How an old Drawbridge helped Microsoft bring SQL Server to Linux | Ars Technica
When in March this year Microsoft announced that it was bringing SQL Server to Linux the reaction was one of surprise, with the announcement prompting two big questions: why and how?
SQL Server is one of Microsoft’s major Windows applications, helping to drive Windows sales and keep people on the Windows platform. If you can run SQL Server on Linux, well, that’s one less reason to use Windows.
And while SQL Server does share heritage with Sybase SQL Server (now called SAP ASE), a Unix database server that Microsoft ported to Windows, that happened a long time ago. Since 1993, when Sybase and Microsoft went their separate ways, the products have diverged and, for the last 23 years, Microsoft SQL Server has been strictly a Windows application. That doesn’t normally make for easy porting.

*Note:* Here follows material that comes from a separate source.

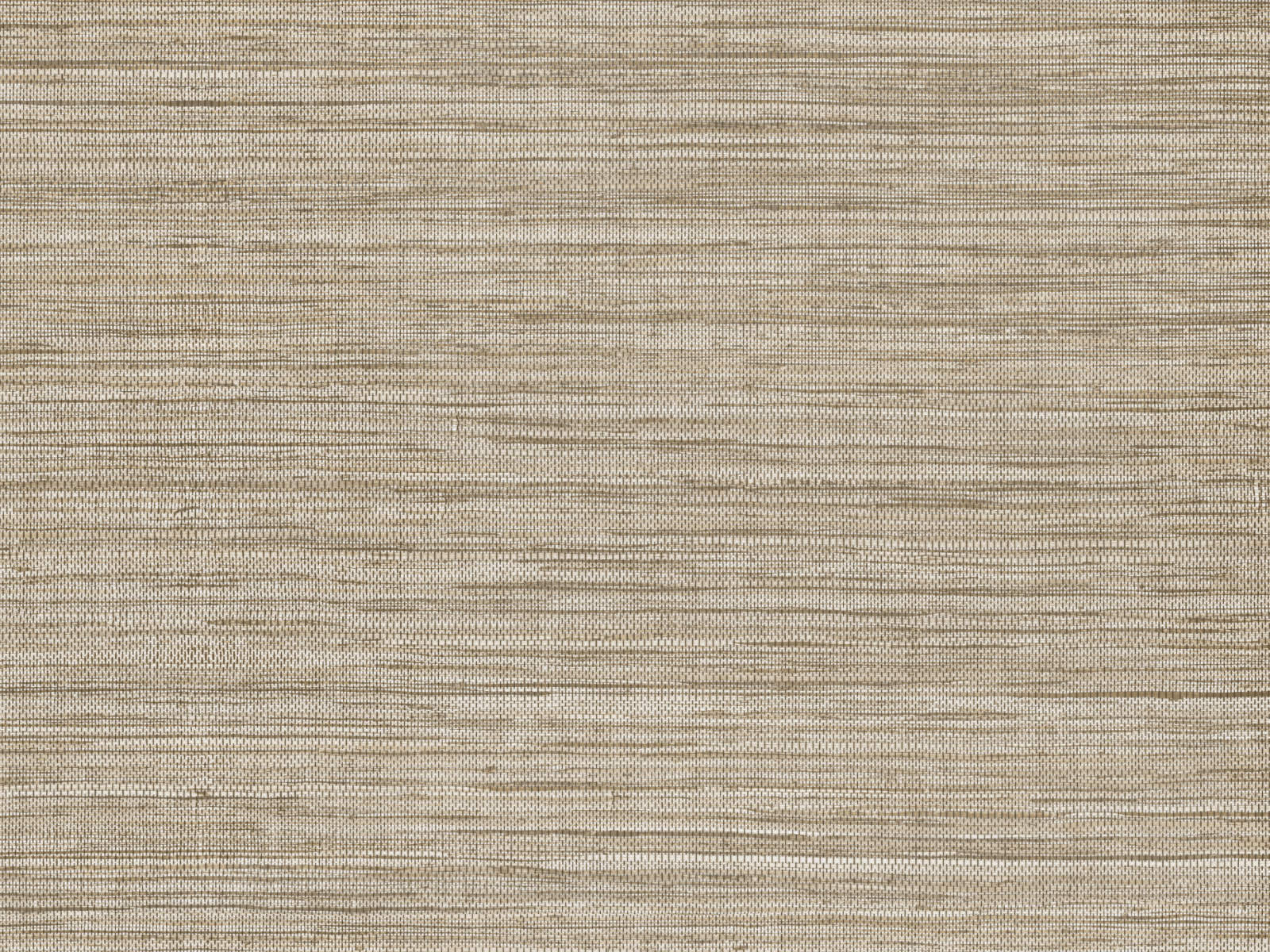 Arte Pampas Sombra - 73542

Reaching the customers where they are
Even as a Windows-exclusive offering, SQL Server has widespread adoption, taking a substantial chunk of the paid database market. But being Windows-specific has meant that, equally, there was always a proportion of the market that SQL Server couldn’t reach. It doesn’t much matter what the merits of the database engine really are; it was off-limits to organizations that standardized on Linux.
Rohan Kumar, general manager of database systems at Microsoft, told us that there had long been some level of demand from customers who wanted the flexibility to pick a database without being forced onto a specific operating system but that over the past two to three years these calls had become louder. Containerization and Docker, in particular, were cited as stimulating this demand; organizations want to take advantage of these features to streamline their deployments and management, but at the same time, they want SQL Server’s features and its not-as-cripplingly-expensive-as-Oracle licensing.
(Windows Server 2016 supports Docker-compatible containers, too, but the broader point remains: companies want to be able to take advantage of platform features as they become available without tying their hands when it comes to decisions about applications.)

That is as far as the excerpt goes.